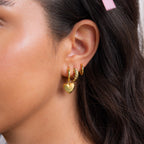 A woman with brown hair and a pink hair clip wears three hoop earrings, including Puff Heart Charm Huggies in Sterling Silver.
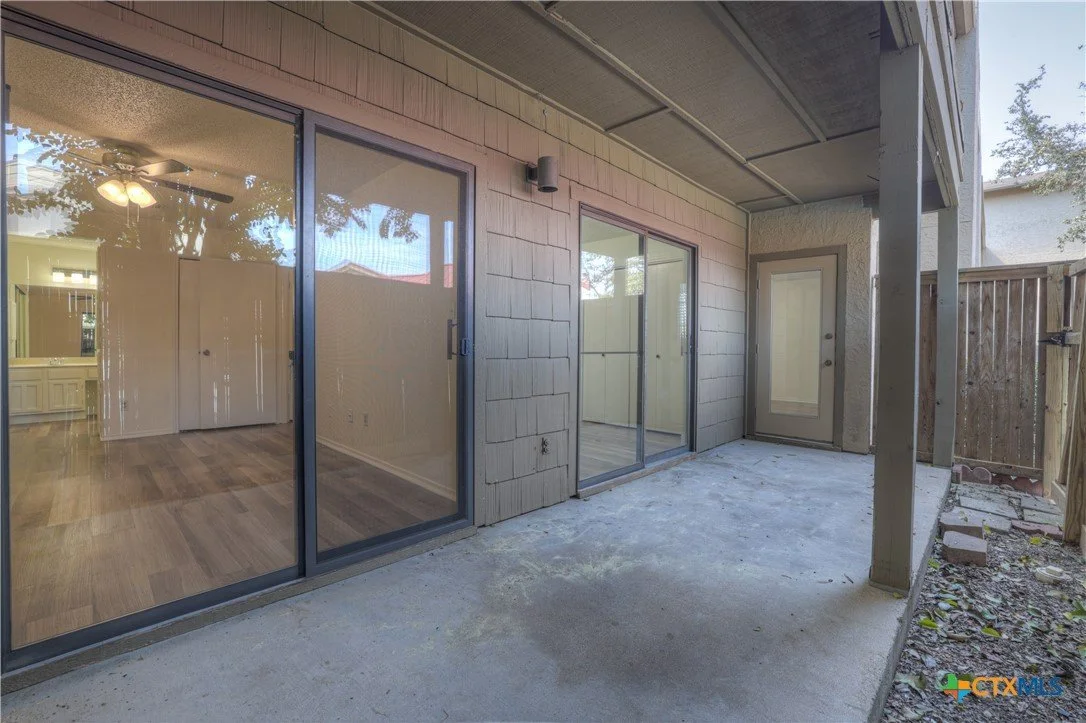 Back patio area with sliding glass doors leading into a house, concrete floor, and a wooden privacy fence.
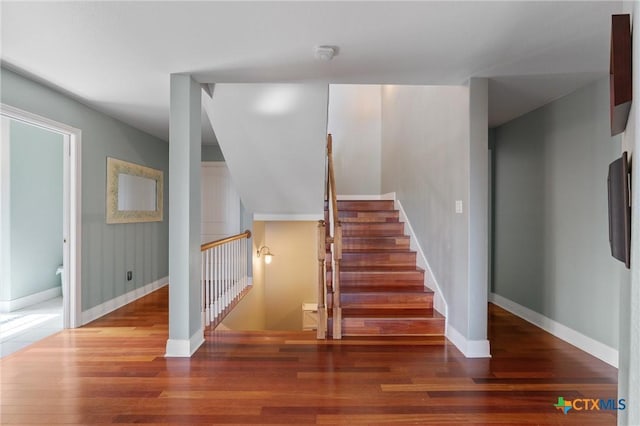 18917 Peckham Dr, Lago Vista, TX 78645 - staircase with wood finished floors and baseboards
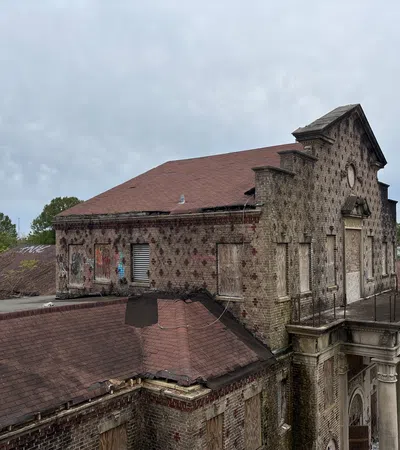 Abandoned brick building with boarded windows, red roof, and classical columns under a cloudy sky.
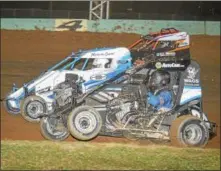  ?? CARL HESS - FOR DIGITAL FIRST MEDIA ?? Here’s some close three-wide action in the Wingless 600 Micro Sprint division featuring Jay Hartman (#24) on the inside, Colin White on the outside and Tim Buckwalter sandwiched in between. Buckwalter, White and Hartman finished in that order in the first of their 17-lap features. Buckwalter and White finished one-two in the nightcap with Billy Pauch Jr., Jay Hartman and Kenny Miller rounding out the top five.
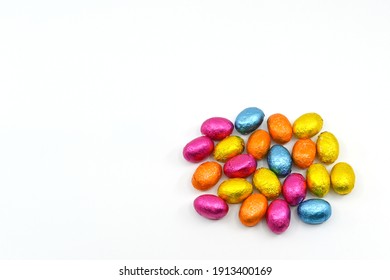 Small Chocolate Eggs In Coloured Foil Wrappings On A Plain Background. No People.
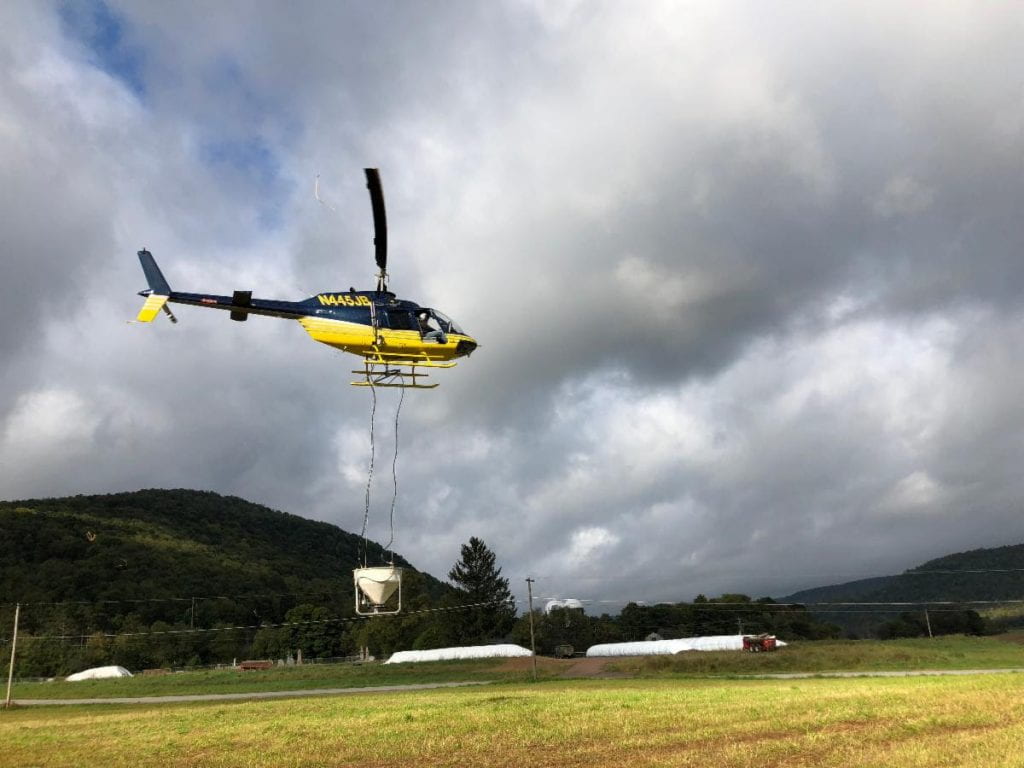 A helicopter will drop winter rye grass seed into standing corn fields to establish a "cover crop" 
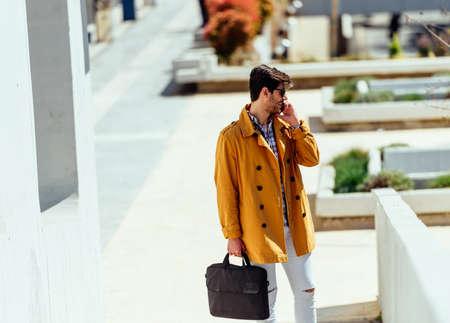 Young handsome manager in yellow coat going to work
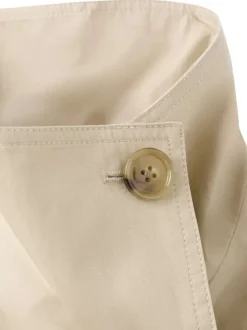 Blouson beige uni avec une coupe cropped et un col montant boutonné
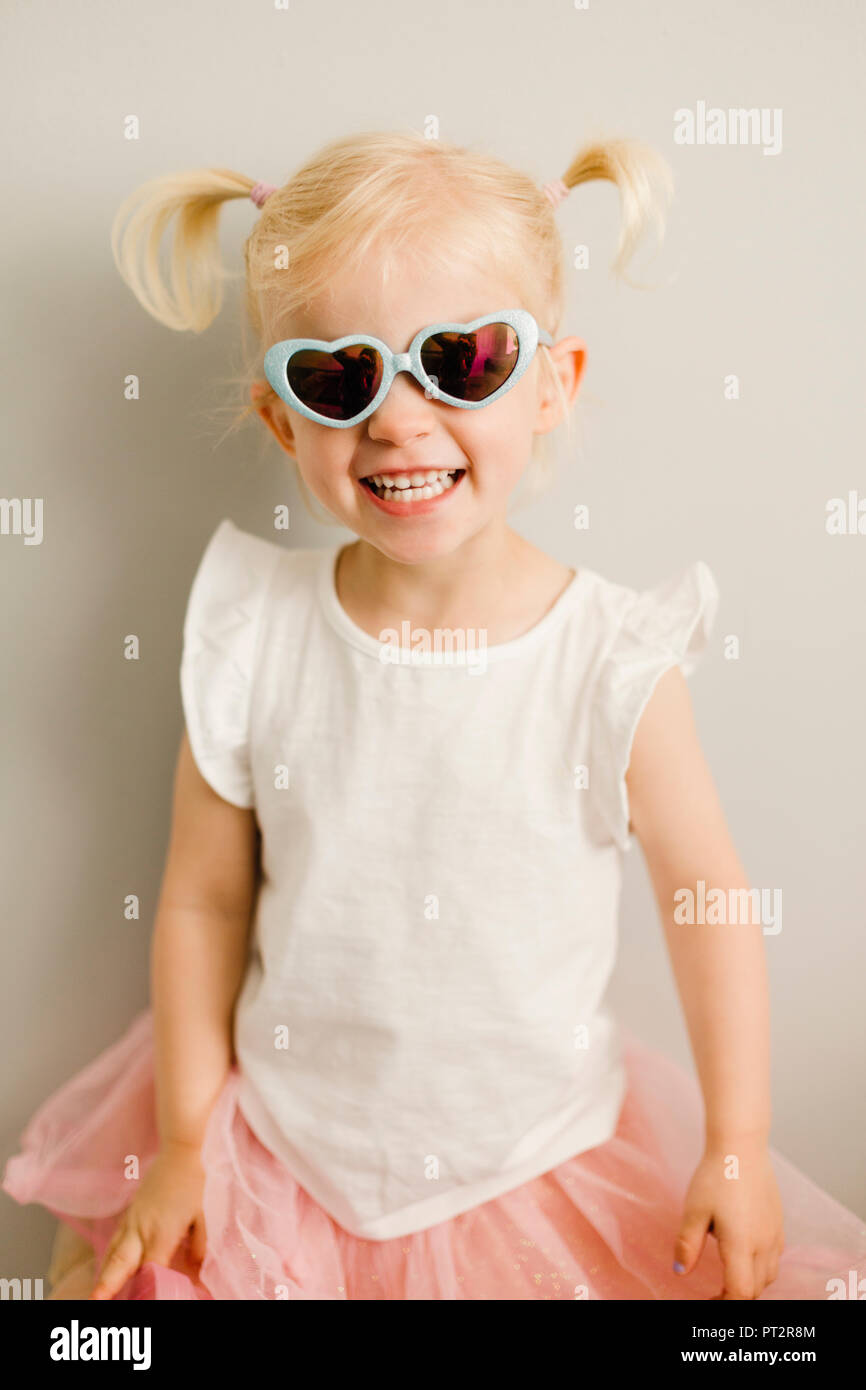 Portrait de petite fille blonde portant des lunettes de soleil en forme de cœur Banque D'Images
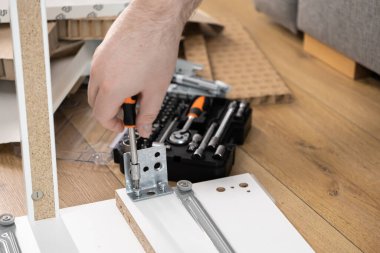 Bir adamın eli titizlikle yeni düz paket mobilyaların bileşenlerini düzerken, ev yenileme, montaj ve bakım projesini sembolize ediyor.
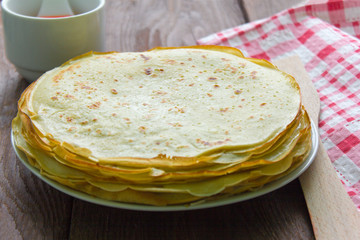 homemade freshly baked pancakes coated with butter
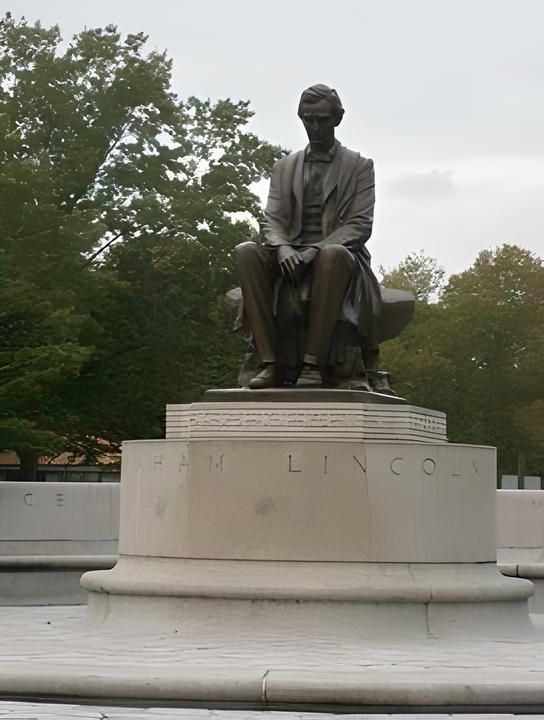 Statue of Abraham Lincoln seated on a pedestal in a park, with trees and overcast sky behind it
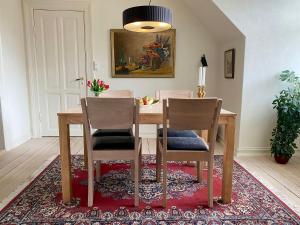 a dining room table with two chairs on a rug at Goodnight Randers in Randers +10 photos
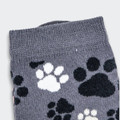 Grey knitted kids' socks featuring a playful pattern of black and white paw prints.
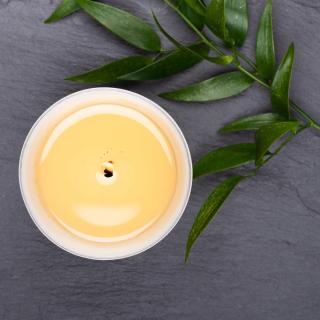 Seen from above, an ivory pillar candle burns on a slate surface with a branch of greenery resting nearby.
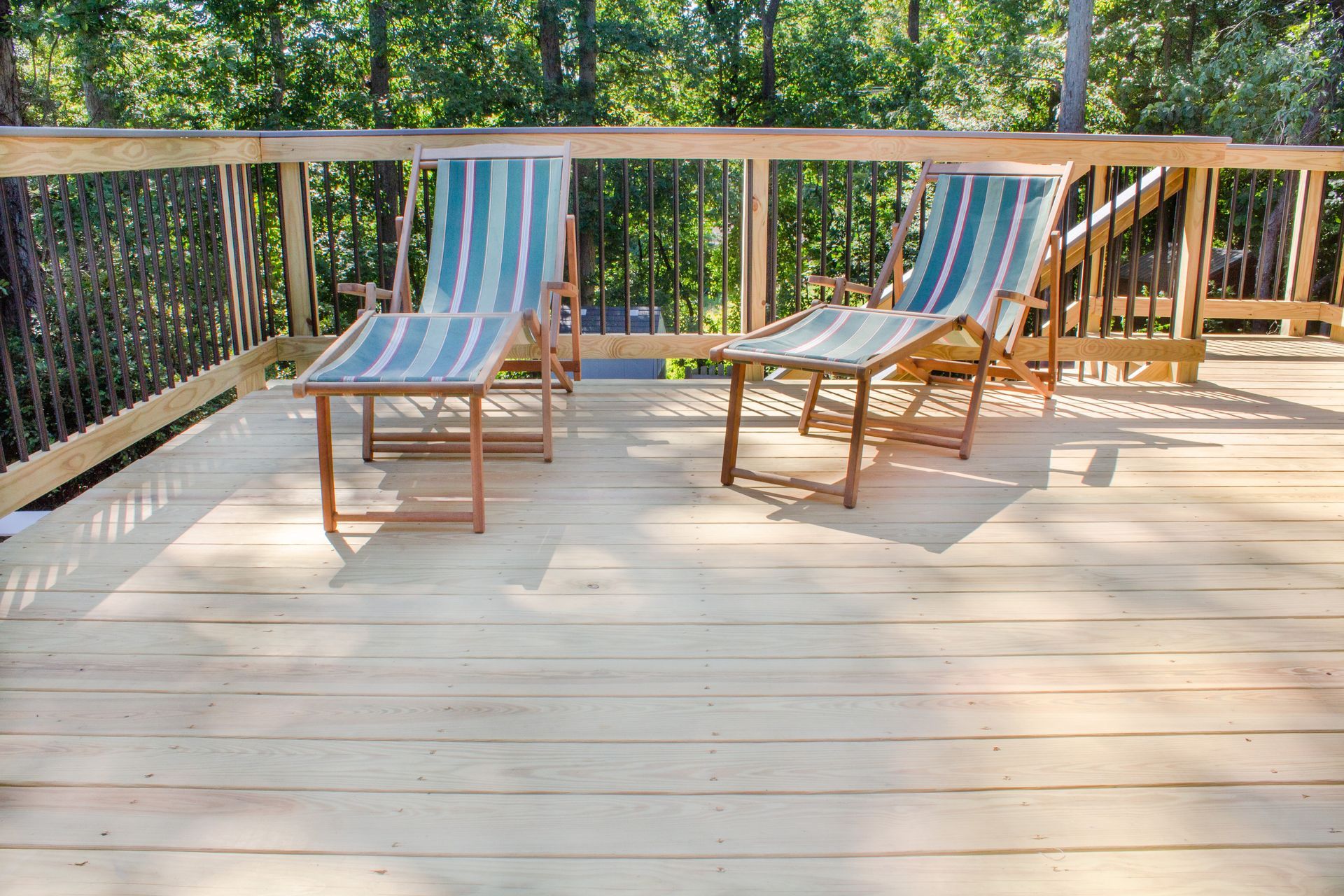 Two striped sling chairs with matching footrests sit on a sunlit wooden deck overlooking a leafy green forest.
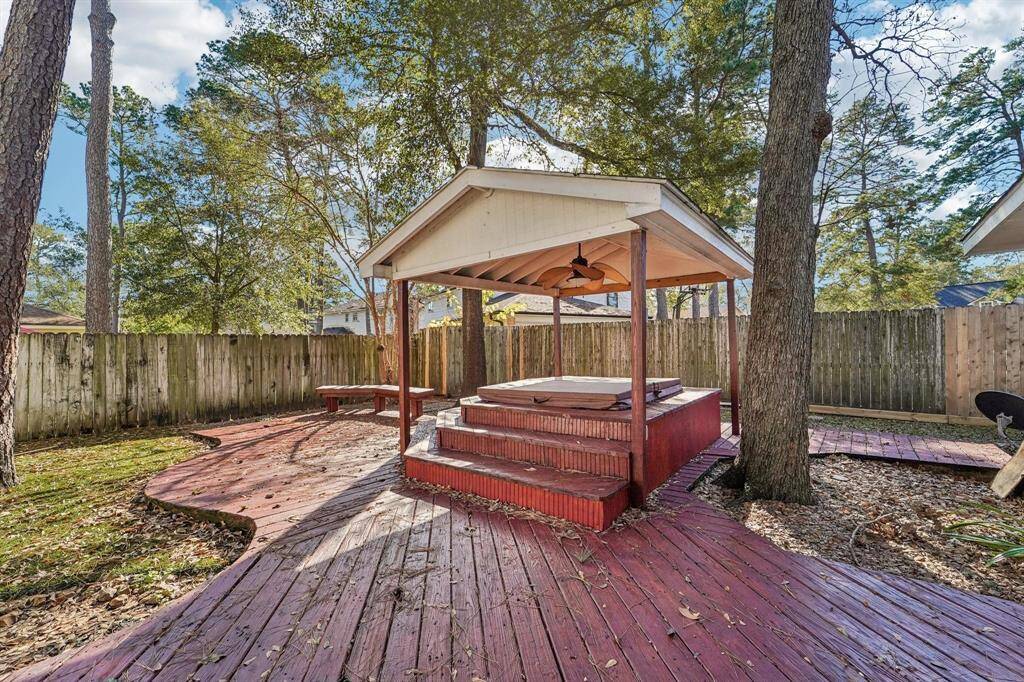 Backyard features artificial grass and a recently repaired deck leading to a hot tub!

**EXERCISE AIM**
From the listing above, please give again the lines that begin with the line holding "homemade freshly baked" and go on through the line holding "Grey knitted kids'", exactly, both ends included, minus any picture.

**RESPONSE TO THE TASK**
 homemade freshly baked pancakes coated with butter
 Statue of Abraham Lincoln seated on a pedestal in a park, with trees and overcast sky behind it
 a dining room table with two chairs on a rug at Goodnight Randers in Randers +10 photos
 Grey knitted kids' socks featuring a playful pattern of black and white paw prints.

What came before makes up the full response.